RE: My own experiences..
by RawMustard on Wed 9th Aug 2006 11:31 UTC in reply to "My own experiences.."
RawMustard Member since:
2005-10-10

Perhaps when kiwis learn to pronounce english correctly, speech recognition software may have a slight chance at working properly. Being married to one, I'm constantly asking her to repeat what she just said. I'm afraid that Fushun chups or suxdi sux don't count as proper english ;)

Edited 2006-08-09 11:38

Reply Score: 5

RE[2]: My own experiences..
by iangibson on Wed 9th Aug 2006 15:33 UTC in reply to "RE: My own experiences.."
iangibson Member since:
2005-09-25

So what is the 'correct' pronunciation of English? Let me suggest that it is certainly not the way Americans speak.

Not that there is a 'way' - there are many regional accents across the USA just as there are in Britain and elsewhere across the English-speaking world.

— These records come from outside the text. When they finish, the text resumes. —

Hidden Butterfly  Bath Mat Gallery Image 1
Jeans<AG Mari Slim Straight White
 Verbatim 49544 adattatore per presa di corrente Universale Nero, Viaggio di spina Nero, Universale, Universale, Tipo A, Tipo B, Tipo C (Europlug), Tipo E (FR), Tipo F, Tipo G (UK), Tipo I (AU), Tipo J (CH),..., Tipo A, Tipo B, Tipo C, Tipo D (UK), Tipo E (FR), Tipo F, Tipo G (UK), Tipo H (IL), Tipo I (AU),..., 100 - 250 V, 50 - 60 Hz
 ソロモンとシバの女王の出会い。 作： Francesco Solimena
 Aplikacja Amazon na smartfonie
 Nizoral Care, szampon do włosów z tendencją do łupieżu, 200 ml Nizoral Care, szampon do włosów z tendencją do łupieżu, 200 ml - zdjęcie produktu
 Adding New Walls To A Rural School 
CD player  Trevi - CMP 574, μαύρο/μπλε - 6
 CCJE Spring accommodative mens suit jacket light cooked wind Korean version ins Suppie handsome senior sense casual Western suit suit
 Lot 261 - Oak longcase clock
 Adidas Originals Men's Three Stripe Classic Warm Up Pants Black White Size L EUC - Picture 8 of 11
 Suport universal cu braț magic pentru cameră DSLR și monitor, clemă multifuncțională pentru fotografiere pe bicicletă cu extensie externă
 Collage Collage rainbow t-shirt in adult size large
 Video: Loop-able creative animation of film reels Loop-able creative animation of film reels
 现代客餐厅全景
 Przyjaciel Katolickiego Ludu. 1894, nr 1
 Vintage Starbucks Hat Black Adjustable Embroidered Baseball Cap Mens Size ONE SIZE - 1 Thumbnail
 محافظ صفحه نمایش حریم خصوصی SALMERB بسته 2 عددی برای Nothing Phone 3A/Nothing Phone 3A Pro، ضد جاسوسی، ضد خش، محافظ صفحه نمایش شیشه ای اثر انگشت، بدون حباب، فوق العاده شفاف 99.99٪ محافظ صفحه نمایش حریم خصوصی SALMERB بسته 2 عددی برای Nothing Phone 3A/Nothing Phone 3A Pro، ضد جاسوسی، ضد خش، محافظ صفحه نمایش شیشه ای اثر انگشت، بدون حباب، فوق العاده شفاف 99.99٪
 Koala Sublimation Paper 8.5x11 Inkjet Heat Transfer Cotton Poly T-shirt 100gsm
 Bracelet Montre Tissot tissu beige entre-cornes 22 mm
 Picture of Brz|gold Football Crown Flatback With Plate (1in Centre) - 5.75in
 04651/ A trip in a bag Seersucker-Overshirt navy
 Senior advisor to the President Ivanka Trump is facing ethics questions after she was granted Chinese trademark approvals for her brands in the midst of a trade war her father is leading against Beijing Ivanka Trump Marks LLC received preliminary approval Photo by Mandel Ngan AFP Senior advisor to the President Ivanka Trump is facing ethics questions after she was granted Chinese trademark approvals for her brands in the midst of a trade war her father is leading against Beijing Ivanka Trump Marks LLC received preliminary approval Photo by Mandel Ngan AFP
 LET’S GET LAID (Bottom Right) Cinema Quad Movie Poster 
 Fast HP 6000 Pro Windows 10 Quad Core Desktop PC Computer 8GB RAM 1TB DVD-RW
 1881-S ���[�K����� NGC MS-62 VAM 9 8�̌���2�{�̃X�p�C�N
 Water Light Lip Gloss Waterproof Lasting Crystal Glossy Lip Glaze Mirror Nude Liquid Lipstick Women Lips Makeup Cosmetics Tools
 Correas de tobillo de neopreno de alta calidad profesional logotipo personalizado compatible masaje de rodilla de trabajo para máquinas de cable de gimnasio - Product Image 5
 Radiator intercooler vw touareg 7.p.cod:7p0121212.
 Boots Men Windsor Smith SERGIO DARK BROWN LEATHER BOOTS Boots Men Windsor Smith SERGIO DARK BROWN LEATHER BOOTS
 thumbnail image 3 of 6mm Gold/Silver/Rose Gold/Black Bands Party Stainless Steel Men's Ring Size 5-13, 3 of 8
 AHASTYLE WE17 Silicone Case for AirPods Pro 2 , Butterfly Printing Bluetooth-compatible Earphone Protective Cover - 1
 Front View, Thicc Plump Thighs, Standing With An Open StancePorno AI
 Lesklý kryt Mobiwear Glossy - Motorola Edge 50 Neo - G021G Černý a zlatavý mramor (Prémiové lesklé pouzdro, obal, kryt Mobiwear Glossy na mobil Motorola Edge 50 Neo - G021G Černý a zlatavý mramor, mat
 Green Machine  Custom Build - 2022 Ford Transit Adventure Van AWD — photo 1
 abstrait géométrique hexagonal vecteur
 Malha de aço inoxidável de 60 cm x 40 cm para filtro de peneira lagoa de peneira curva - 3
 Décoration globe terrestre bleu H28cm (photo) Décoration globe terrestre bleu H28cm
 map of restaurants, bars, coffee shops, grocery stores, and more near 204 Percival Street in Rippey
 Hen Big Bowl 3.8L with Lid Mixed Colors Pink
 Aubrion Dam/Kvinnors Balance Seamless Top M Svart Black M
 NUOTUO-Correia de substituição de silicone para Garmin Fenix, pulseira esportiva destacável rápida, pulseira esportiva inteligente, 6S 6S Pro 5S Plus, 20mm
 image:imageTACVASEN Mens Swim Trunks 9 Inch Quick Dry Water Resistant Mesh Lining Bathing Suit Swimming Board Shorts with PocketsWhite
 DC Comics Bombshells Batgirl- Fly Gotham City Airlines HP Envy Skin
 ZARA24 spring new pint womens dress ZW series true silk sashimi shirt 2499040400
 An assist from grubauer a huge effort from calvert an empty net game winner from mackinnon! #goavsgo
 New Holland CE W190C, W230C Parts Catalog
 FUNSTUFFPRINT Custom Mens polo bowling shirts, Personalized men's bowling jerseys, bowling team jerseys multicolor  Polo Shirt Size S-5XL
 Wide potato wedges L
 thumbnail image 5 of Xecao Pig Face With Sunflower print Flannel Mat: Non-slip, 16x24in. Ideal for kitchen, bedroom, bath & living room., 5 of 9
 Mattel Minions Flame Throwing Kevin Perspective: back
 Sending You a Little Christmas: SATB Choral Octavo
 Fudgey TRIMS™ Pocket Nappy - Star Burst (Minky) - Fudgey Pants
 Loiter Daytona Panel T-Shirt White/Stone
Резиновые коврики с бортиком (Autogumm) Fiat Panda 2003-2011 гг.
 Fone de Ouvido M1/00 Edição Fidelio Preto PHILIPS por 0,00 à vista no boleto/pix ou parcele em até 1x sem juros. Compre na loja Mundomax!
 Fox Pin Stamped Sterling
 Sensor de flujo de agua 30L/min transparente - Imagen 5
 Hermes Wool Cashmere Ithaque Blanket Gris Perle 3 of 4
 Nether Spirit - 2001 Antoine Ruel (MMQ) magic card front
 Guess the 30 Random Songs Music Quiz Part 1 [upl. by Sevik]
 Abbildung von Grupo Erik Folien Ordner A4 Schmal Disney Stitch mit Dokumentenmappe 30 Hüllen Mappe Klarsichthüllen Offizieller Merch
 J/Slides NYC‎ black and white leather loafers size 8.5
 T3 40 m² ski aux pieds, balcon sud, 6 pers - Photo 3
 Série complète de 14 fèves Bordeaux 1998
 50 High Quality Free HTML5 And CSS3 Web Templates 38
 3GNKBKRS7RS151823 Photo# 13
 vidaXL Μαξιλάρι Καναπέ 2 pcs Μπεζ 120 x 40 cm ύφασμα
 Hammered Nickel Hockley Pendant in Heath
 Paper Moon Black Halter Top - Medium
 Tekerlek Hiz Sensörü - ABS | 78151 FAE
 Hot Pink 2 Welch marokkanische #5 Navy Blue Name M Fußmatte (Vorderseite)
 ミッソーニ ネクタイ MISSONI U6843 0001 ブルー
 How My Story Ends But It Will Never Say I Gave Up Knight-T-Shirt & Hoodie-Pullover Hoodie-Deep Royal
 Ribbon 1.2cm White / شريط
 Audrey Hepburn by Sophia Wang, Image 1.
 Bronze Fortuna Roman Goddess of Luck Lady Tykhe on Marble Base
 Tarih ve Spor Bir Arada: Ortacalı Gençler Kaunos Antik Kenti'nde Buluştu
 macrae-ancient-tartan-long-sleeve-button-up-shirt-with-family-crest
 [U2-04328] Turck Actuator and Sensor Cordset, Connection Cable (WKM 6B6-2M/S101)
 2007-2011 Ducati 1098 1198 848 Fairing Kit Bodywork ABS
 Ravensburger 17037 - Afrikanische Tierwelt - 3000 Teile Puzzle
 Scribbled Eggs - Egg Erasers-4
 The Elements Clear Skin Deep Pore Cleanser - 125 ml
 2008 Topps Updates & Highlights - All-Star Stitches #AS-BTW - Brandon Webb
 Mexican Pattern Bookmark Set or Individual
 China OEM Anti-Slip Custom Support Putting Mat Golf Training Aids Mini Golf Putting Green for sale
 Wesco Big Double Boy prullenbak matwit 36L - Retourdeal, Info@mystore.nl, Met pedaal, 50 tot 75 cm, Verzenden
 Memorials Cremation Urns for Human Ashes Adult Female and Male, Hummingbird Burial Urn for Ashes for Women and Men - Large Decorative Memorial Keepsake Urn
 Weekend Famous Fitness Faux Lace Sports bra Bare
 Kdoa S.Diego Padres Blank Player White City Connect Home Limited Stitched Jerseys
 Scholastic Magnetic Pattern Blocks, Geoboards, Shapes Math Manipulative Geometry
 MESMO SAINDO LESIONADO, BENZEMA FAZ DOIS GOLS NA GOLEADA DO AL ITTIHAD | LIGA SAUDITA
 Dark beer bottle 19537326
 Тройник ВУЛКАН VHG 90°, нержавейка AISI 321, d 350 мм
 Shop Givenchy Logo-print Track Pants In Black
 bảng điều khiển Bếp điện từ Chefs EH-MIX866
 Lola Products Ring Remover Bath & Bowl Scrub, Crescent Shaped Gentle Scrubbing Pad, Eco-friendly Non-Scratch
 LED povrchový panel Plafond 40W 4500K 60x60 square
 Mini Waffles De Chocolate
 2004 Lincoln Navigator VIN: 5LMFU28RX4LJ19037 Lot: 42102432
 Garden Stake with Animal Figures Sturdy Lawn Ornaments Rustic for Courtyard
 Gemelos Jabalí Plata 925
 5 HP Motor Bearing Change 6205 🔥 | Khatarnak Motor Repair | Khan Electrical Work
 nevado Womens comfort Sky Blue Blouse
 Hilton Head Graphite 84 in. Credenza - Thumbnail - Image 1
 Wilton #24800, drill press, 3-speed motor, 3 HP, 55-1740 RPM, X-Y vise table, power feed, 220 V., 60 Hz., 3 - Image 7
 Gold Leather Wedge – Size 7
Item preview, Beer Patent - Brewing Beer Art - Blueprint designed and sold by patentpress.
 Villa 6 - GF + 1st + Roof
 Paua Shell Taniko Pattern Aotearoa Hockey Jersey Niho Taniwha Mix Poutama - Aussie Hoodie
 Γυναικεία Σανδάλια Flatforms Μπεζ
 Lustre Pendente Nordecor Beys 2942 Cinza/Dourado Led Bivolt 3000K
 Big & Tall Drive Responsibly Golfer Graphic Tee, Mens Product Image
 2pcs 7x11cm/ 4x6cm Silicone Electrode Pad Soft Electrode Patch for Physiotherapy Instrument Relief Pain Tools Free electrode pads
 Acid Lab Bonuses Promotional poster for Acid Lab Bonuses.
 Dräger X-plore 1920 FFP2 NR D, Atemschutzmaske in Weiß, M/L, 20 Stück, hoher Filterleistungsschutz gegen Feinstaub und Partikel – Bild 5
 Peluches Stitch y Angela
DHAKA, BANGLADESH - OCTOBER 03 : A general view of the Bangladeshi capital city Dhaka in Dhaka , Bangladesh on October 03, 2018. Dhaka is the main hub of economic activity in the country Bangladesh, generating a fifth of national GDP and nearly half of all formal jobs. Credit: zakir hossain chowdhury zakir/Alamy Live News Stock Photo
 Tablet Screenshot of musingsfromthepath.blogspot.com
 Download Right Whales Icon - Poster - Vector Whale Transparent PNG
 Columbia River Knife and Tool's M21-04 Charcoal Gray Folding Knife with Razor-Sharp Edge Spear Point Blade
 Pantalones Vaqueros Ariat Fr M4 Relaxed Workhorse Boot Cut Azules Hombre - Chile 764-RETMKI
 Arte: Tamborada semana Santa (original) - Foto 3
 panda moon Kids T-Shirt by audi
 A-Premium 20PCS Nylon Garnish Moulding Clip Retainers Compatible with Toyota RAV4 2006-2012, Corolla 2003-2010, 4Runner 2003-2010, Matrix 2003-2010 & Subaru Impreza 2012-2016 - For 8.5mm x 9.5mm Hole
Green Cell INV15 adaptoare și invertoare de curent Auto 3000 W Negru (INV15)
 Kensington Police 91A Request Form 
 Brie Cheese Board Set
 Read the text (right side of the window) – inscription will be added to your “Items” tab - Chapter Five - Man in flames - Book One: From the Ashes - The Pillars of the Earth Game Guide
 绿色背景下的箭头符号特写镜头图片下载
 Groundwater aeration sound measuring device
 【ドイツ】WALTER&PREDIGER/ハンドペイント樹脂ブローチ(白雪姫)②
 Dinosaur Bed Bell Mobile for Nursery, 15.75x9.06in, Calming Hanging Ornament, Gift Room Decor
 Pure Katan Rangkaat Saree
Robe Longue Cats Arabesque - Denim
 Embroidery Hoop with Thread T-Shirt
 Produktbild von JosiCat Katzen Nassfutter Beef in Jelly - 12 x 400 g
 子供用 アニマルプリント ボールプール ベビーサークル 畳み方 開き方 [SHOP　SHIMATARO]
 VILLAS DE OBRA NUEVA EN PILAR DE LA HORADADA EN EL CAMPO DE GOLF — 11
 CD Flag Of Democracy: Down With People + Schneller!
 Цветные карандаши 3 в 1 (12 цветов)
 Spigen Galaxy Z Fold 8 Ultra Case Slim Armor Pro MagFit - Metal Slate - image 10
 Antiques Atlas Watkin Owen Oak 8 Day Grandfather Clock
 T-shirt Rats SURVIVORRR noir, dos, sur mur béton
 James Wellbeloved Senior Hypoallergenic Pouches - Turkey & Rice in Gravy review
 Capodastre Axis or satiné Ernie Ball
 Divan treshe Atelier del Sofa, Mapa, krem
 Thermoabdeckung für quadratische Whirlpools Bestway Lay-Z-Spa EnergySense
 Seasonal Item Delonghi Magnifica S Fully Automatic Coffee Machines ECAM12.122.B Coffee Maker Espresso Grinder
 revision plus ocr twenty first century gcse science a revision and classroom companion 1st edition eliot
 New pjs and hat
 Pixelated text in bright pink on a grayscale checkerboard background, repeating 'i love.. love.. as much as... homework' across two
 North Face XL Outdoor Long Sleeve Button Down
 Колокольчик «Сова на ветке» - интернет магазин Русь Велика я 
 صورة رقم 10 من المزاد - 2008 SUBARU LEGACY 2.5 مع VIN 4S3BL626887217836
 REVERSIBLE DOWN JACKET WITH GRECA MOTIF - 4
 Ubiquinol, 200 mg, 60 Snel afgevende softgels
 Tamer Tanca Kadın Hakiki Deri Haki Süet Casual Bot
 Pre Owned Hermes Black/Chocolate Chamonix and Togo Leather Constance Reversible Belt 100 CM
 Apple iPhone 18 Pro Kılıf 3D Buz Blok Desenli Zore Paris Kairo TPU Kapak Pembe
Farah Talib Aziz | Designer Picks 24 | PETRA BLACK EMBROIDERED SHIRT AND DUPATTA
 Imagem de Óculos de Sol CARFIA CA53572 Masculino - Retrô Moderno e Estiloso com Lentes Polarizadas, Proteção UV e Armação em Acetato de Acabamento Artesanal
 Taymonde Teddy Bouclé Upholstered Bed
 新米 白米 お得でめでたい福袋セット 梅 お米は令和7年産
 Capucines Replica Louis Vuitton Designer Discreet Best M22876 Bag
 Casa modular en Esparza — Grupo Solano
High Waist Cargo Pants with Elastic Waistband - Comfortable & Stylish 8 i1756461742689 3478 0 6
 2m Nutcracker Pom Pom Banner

For speech recognition software to be remotely useful, it surely must be able to accommodate all of the many accents that are out there.

Reply Score: 1

RE[3]: My own experiences..
by Alleister on Wed 9th Aug 2006 15:43 UTC in reply to "RE[2]: My own experiences.."
Alleister Member since:
2006-05-29

Well, that is only possible to a certain degree. On the other hand, you can't expect an speech recognition system to understand spoken language better than a human.

I don't know how bad the dialects are inside of america, but there are german dialects even i as an german do not understand.
So people who want to be understood by their software will have to try to speak with as few dialect as possible, because a computer wont do better work than a human on this.

Reply Score: 1

RE[2]: My own experiences..
by martinus on Wed 9th Aug 2006 11:39 UTC in reply to "My own experiences.."
martinus Member since:
2005-07-06

"open the bloody start menu, mate!"

Reply Score: 4

dear aunt
by postmodern on Wed 9th Aug 2006 06:33 UTC
postmodern
Member since:
2006-01-27

Well it DID crash as we all saw in the video clip from MSNBC, and it was certainly a train wreck (as indicated by the audience's chuckling). Glade to see they got the bugs worked out now. Although, Mr. Zheng never tried to write a letter to his aunt...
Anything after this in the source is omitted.